● **Work to complete**: Within the records that follow, find every line containing the string "Yellow". Copy those lines.

(Stored items)

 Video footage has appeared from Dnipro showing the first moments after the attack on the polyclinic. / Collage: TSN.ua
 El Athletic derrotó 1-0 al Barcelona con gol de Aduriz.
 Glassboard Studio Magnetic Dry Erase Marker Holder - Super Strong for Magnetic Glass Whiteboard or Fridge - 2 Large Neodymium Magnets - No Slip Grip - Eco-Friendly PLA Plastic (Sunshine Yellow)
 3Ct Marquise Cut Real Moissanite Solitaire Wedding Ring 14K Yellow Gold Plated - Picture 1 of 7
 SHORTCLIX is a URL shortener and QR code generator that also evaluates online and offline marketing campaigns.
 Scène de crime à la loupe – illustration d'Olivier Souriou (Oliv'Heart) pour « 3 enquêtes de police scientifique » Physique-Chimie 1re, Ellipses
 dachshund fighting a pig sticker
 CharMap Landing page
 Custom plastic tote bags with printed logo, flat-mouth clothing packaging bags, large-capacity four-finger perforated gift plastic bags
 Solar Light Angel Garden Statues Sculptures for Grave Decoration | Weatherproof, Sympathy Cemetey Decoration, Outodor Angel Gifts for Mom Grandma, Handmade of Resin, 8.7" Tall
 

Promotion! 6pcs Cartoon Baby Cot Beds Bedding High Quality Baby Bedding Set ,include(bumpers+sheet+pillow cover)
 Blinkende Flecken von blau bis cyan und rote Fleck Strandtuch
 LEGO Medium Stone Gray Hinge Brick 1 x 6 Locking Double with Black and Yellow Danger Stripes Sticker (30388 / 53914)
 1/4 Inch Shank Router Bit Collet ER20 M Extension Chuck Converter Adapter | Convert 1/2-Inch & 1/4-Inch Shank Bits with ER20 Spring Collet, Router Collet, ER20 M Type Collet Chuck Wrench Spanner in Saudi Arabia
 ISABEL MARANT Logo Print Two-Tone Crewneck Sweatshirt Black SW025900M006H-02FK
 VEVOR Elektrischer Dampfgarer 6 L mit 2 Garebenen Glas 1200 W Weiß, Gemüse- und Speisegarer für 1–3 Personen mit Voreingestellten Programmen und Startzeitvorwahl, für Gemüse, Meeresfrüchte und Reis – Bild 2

● **Answer for the task**:
 Glassboard Studio Magnetic Dry Erase Marker Holder - Super Strong for Magnetic Glass Whiteboard or Fridge - 2 Large Neodymium Magnets - No Slip Grip - Eco-Friendly PLA Plastic (Sunshine Yellow)
 3Ct Marquise Cut Real Moissanite Solitaire Wedding Ring 14K Yellow Gold Plated - Picture 1 of 7
 LEGO Medium Stone Gray Hinge Brick 1 x 6 Locking Double with Black and Yellow Danger Stripes Sticker (30388 / 53914)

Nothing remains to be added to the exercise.